The Jerusalem Post

FROM OUR ARCHIVES

- –Daniel Kra

65 YEARS AGO

February 13, 1953

The Soviet foreign minister, Andre Vishinsky, summoned the Israeli minister, Shmuel Eliashiv, to inform him that the Soviet Union was breaking off diplomatic relations with Israel. The pretext given was the bombing of the Soviet Legation in Tel Aviv, which Vishinsky said was provoked by the Israeli government and “connived at” by police. Vishinsky handed Eliashiv a note which accused the Israeli press and government officials “of openly instigatin­g hostile activities” against the Soviet Union. Informed observers believed that the Soviet action was inevitable, and would have come sooner or later even without the pretext of the bombing. The move restored the status quo ante preceding the UN speech by Andrei Gromyko in 1947 in favor of an independen­t Jewish state. That speech had marked a sharp break in the Soviet attitude towards Zionism, which had always been hostile.

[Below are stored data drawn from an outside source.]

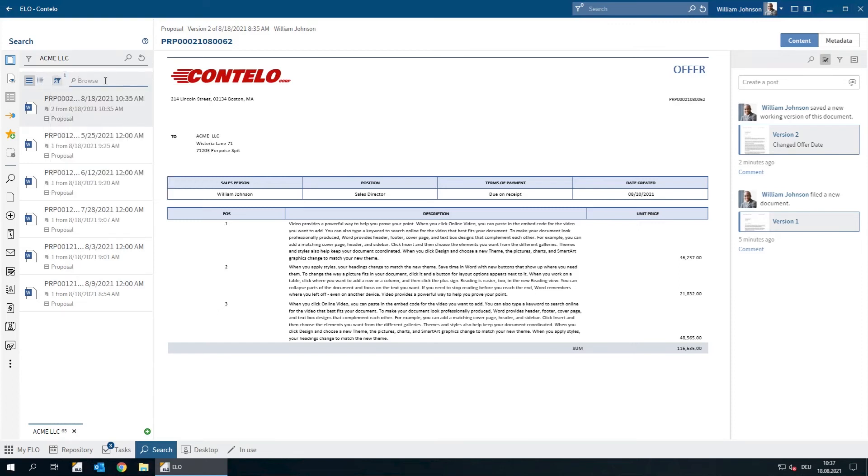As you can see, the search results contain all offers for ACME LLC. But we only want to find offers from the last three months, so we can set another filter for the date.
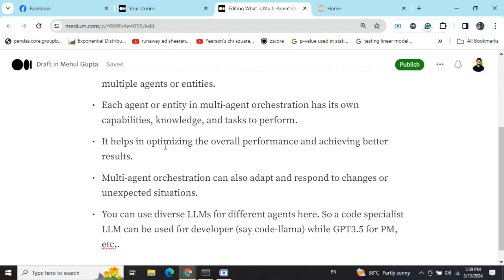Multi-agent orchestration elevates performance a lot. If you're using a single LLM with a very broad task — like developing a face recognition application — a single LLM in a single prompt and response won't be able to generate everything: the ideas, the code, and the code review. By hiring multiple agents, uncertain things that come up in internal discussions are handled too. The best part is you can use diverse LLMs for diverse agents — for example, a Developer agent could use Code Llama while the Product Manager uses GPT-3.5.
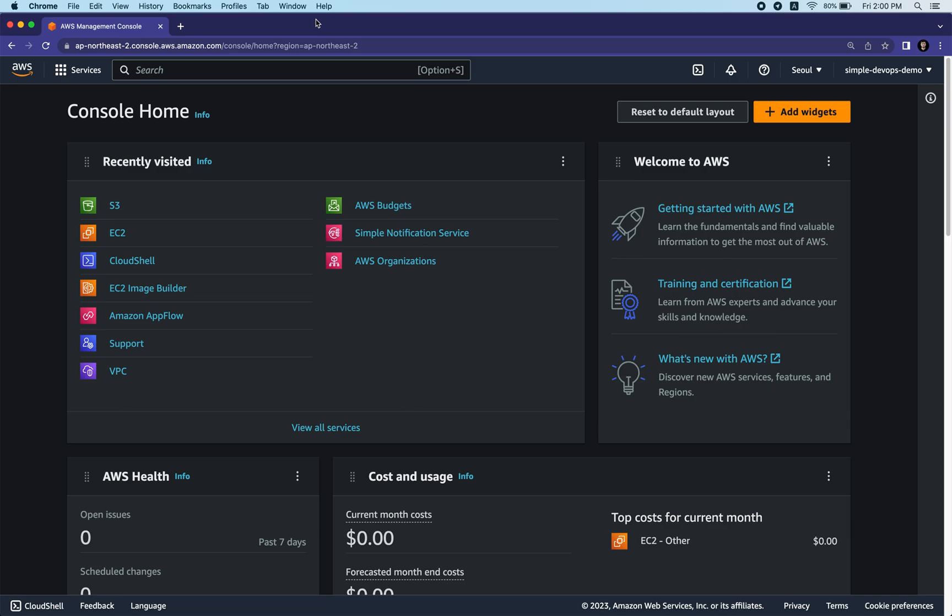Hello everyone, welcome to the Simple DevOps channel. In this video I'm going to show you how to create an EC2 instance in AWS. Let's get started and launch our first EC2 instance.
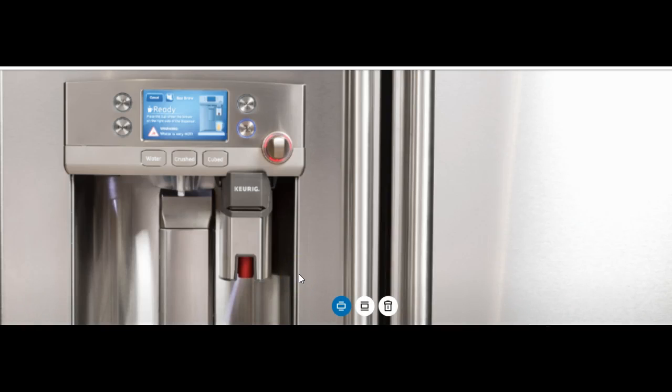The GE Keurig K-Cup Refrigerator houses an actual K-Cup unit in the dispenser. There are many benefits to this. It frees up counter space, so it's great for smaller kitchens.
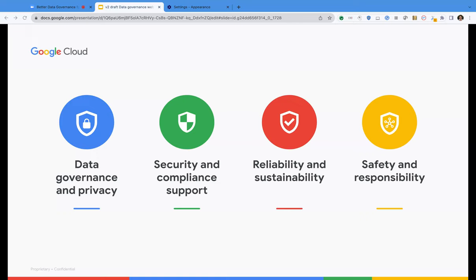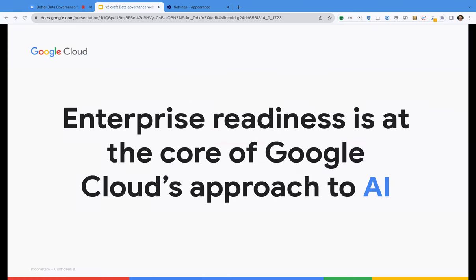In today's talk, I'll be taking us through two of these pillars: the data governance and privacy pillar, and also safety and responsibility. But before actually getting into that, I do want to start with a little bit more about enterprise readiness and why it's important. We actually take it very seriously here at Google, and it's really at the core of our approach to generative AI and just AI in general.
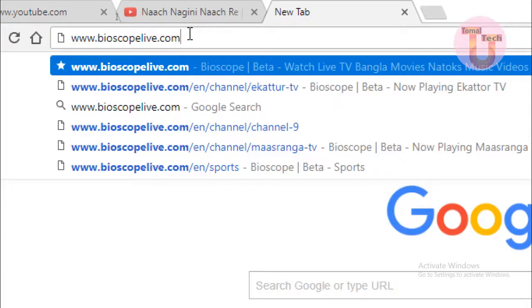I have to type and click www dot bioscobaliabe plus apply.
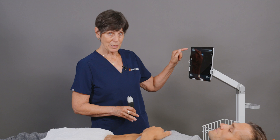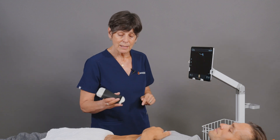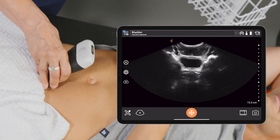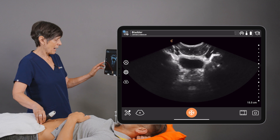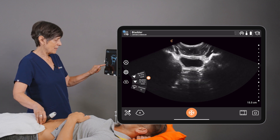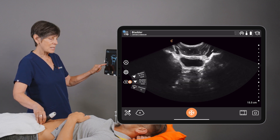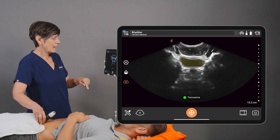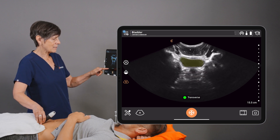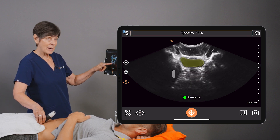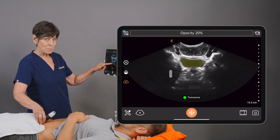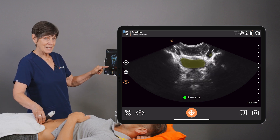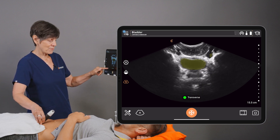I'm using the bladder preset and I'm going to place my scanner and point it down towards his feet. We can activate the AI and this time we'll choose the post-void option. Right away we can see that the segmentation mask is highlighting our much smaller bladder at this time, and it's recognized this as the transverse view.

US president Dwight Eisenhower apparently doomed Ethel and Julius Rosenberg, convicted atomic spies, to death in the electric chair by bluntly rejecting their final appeal for clemency. Only last-minute interventi­on by the Supreme Court could prevent the New York couple from becoming the first Americans to die for peace-time espionage.

50 YEARS AGO

February 13, 1968

Defense minister Moshe Dayan told Arab notables in Hebron that he did not expect them to act as informers but that their task was to see that terrorists did not find refuge in their villages or operate from there. Terrorist activities formed the central theme of the discussion. Hebron mayor Sheikh Jabari told the gathering that it was clear to him that terror caused only marginal damage to Israel but serious harm to the Arabs. One of the mukhtars (village heads) announced that the mukhtars were responsibl­e to the authoritie­s for maintenanc­e of peace, and that he was ready to guarantee that not one of them aided terrorists. Dayan told the audience that the responsibi­lity for law and order rested on the IDF and the authoritie­s alone. Dayan said that he himself had been a “terrorist” in the past and remembered how the Jewish mukhtars behaved then. He could not ask Arab mukhtars to behave otherwise. But Dayan agreed to a request to supply villages with arms for self-defense against robbers and vengeance-seekers.

15 YEARS AGO

February 13, 2003

Foreign minister Benjamin Netanyahu recalled ambassador to Belgium Yehuda Kenar back to Israel. The move was a response to the ruling by Belgium’s Supreme Court that Ariel Sharon could be tried for war crimes once he no longer enjoyed immunity as prime minister. The ruling opened the way for survivors of the 1982 Sabra and Shatilla massacre to press their case in Belgian courts once Sharon left office.

Iraqi opposition leaders said they feared Washington was trying to sideline them by planning a two-year military occupation of Iraq after any war to topple president Saddam Hussein. Saddam’s opponents were trying to bury their bitter feuds before a US attack to ensure that they would have a role in postwar Iraq, but US officials dented their hopes, saying a military occupation could last two years before power was handed back to Iraqis. [The main departure of US troops from Iraq occurred in 2013 and there are still more than 5,000 US personnel there now.]